Настройки шрифта

| |

Фон

| | | |

 

Александр Волков 

Лондон в ожидании Холмса

Переулки, тупики, туман, копоть. В Лондоне в ХIХ веке вечер напоминает вязкую ночь, утро  — беспросветные сумерки. Грязь и пыль вокруг, камень и асфальт впереди, позади. Сотни тысяч людей живут, как нищие. Копошатся в своих каморках - в каждой комнате по семь-восемь человек. Отвращение, неприязнь, обида, горечь. Эти чувства, как паутина, оплетают обитателей трущоб Ист-Энда. В коконе безысходности они спят и умирают. Чахнут, как цветы, облитые керосином. Как ростки, выдернутые из земли. Или становятся преступниками.

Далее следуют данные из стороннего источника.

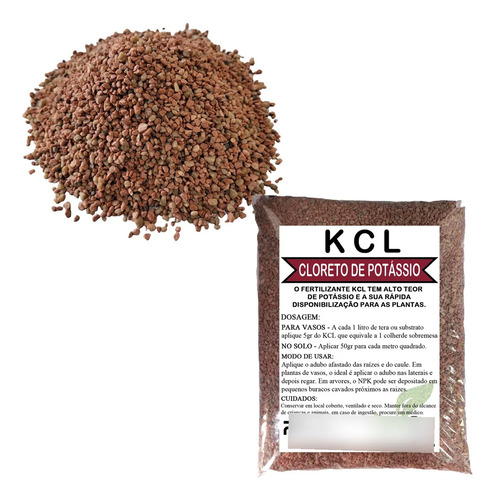2 Kg Adubo Fertilizante Cloreto De Potássio Kcl 60% 2kg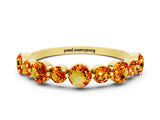 Yellow gold Round Citrine Scalloped Prong Set Eternity Band_18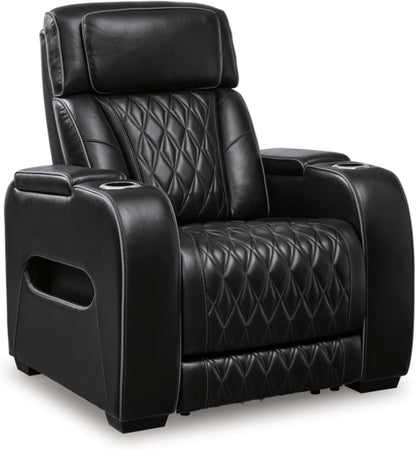 Black Leather Power Recliner With Adjustable Headrest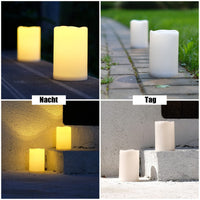 1 x RAW Customer Returns NONNO ZGF 10cm X 15cm Outdoor Large LED Outdoor Waterproof Candles, Battery Operated Plastic Candle with Remote Control Timer Function Warm White Light - Set of 2 - RRP €23.59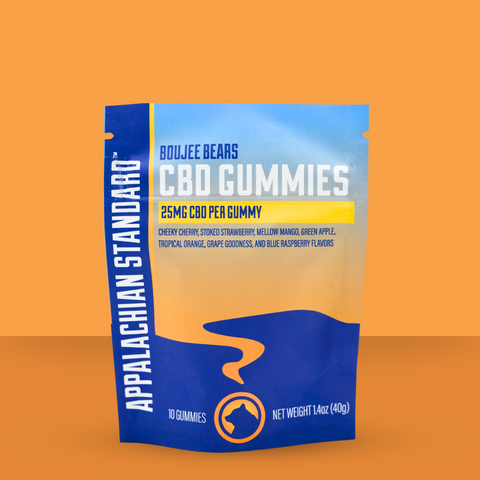 Appalachian Standards Boujee Bears CBD Gummies, hand-crafted with 25mg of hemp flower extract.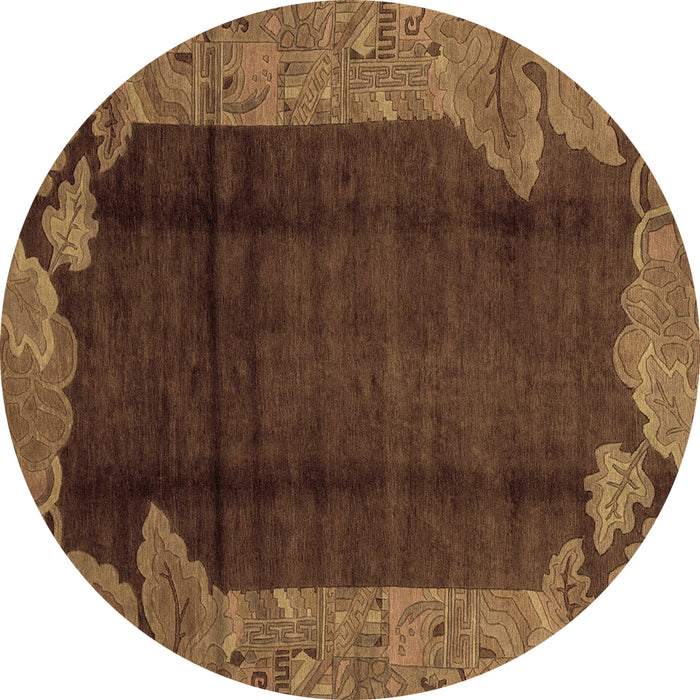 Round Machine Washable Abstract Brown Modern Rug, wshabs1892brn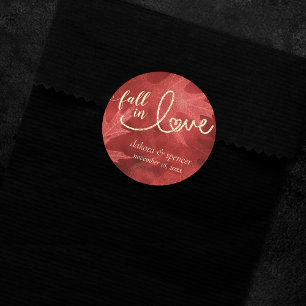 Fall in Love with Autumn   Red and Gold Wedding Classic Round Sticker
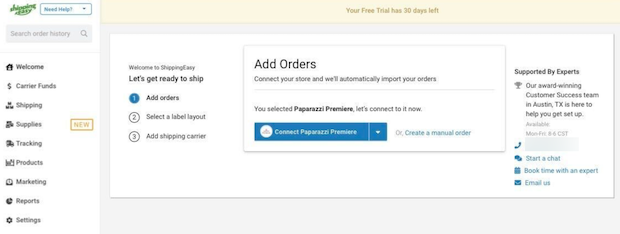 ShippingEasy page showing a button to add orders from Paparazzi Premiere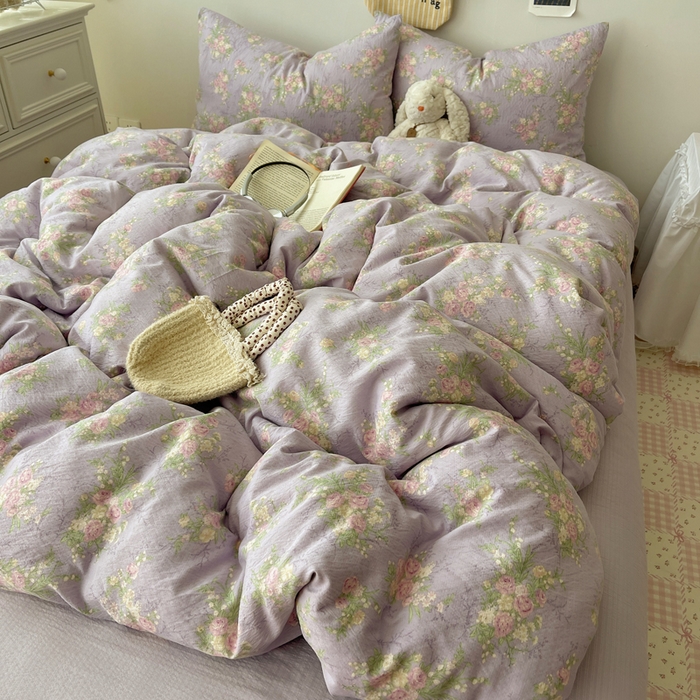 91家纺网 家纺一手货源 找家纺 （总）澜妃 2025新款云感提花双层纱四件套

В 1800 году исследование, проведенное в Лондоне - в наши дни его назвали бы социологическим, — показало, что до 10 процентов горожан живут за счет «криминальной, незаконной или аморальной деятельности».

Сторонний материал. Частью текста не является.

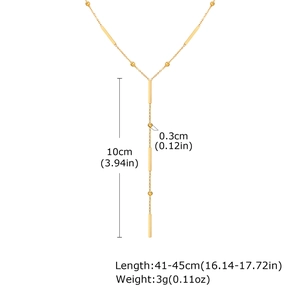 Graphique détaillé des dimensions du collier en Y doré et de la taille des perles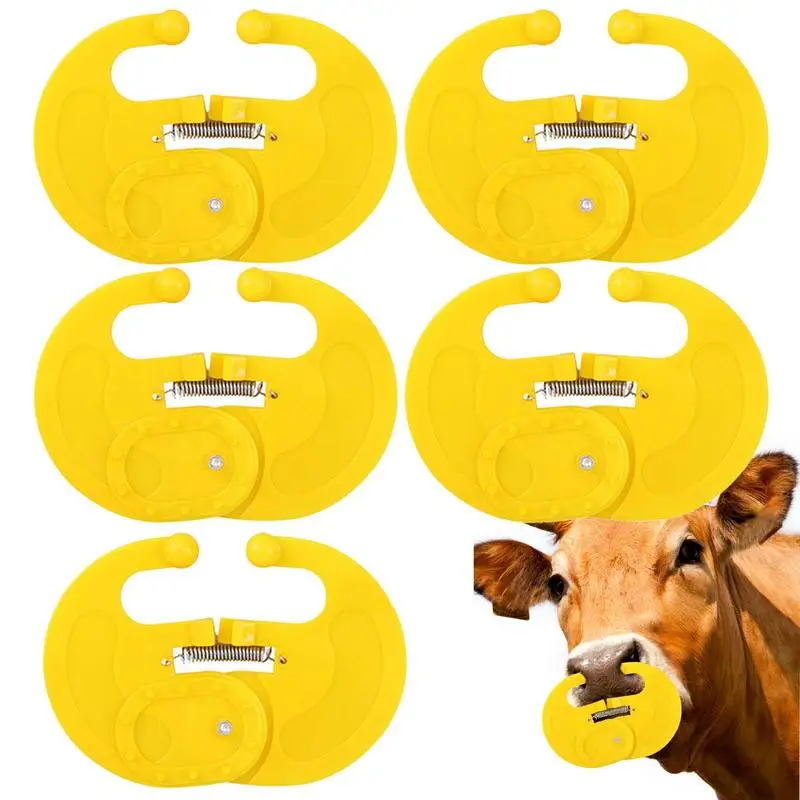 Calf Weaner Nose Rings 5x Cow Weaner Nose Ring Milk Sucking Preventer Farm Livestock Animal Weaning Tool Compact For Cattle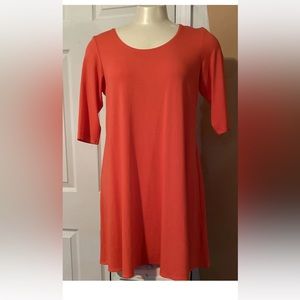 NWT Eileen Fisher SZ M Tunic Dress Top Watermelon Tangerine Bateau Neck GORGEOUS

Иными словами, в городе царила преступность. Каждый десятый был нарушителем закона. Такого не наблюдалось и в современной криминальной России. Байроновские разочарованные герои не находили себе места в мире еще и потому, что в мире этом царили низменные, преступные нравы. Власти не могли не отреагировать на одичание общества. Отголоском борьбы с преступностью стали книги о знаменитых детективах.

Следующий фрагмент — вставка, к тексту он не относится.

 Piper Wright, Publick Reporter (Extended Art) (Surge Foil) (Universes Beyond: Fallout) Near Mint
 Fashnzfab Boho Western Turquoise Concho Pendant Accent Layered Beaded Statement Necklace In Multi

Один из них, Шерлок Холмс, как гласит мемориальная табличка, ровно сто лет назад, в 1904 году, выбыл из числа жильцов дома 221б по Бейкер-стрит.



Эта каменная, асфальтовая, железная, бензинная, механическая страна  — называется сегодняшним... Лондоном. Евгений Замятин
В Англию российские туристы приезжают не часто, но те, кто доберется до Лондона, наверняка выглянут из подземки на станции Бейкер-стрит, чтобы побывать в гостях у Шерлока Холмса. Уже на выходе из метро их встречает сам великий сыщик; при нем неизменные шляпа, пальто и трубка. Он приглашает приезжих в Музей Шерлока Холмса, расположенный на Бейкер-стрит, 221б. В этом узком, четырехэтажном доме, как гласит табличка, с 1881 по 1904 годы жил consulting detective Холмс. Наискосок через улицу манит витрина сувенирной лавки Sherlock Holmes Memo-rabilia Company. Неподалеку расположен отель Шерлока Холмса. Кажется, все улики подтверждают, что без Холмса здесь сто лет назад не жилось. Его проницательность, его остроумие, его дедукция не давали покоя преступникам. Он выводил на чистую воду любых негодяев.

Шерлок Холмс и его верный друг доктор Ватсон идеально воплотили образ карающего правосудия — вековую мечту англичан, изнывавших от зла и порока. В джунглях Большого Лондона нельзя было обойтись без великого сыщика, как в лесах Северной Америки столетием раньше — без Следопыта. Джунгли эти были густо заселены людьми — в основном бедными, отчаявшимися, опустившимися, обозленными на весь белый свет. Здесь ошибки и бездействие полицейских могли привести к социальному взрыву. Не привели. Почему, мистер Холмс?

За стенами крепости

В 1800 году число жителей Лондона перевалило за миллион, в 1900 году — за шесть миллионов. С изумлением, ужасом и растерянностью современники наблюдали за бурным ростом мегаполиса. Бурный, он и обещал бурю, восстание низов. В этом городе сам воздух был пропитан пороком, зло гнездилось на каждом углу. Лондон по праву считался столицей преступного мира.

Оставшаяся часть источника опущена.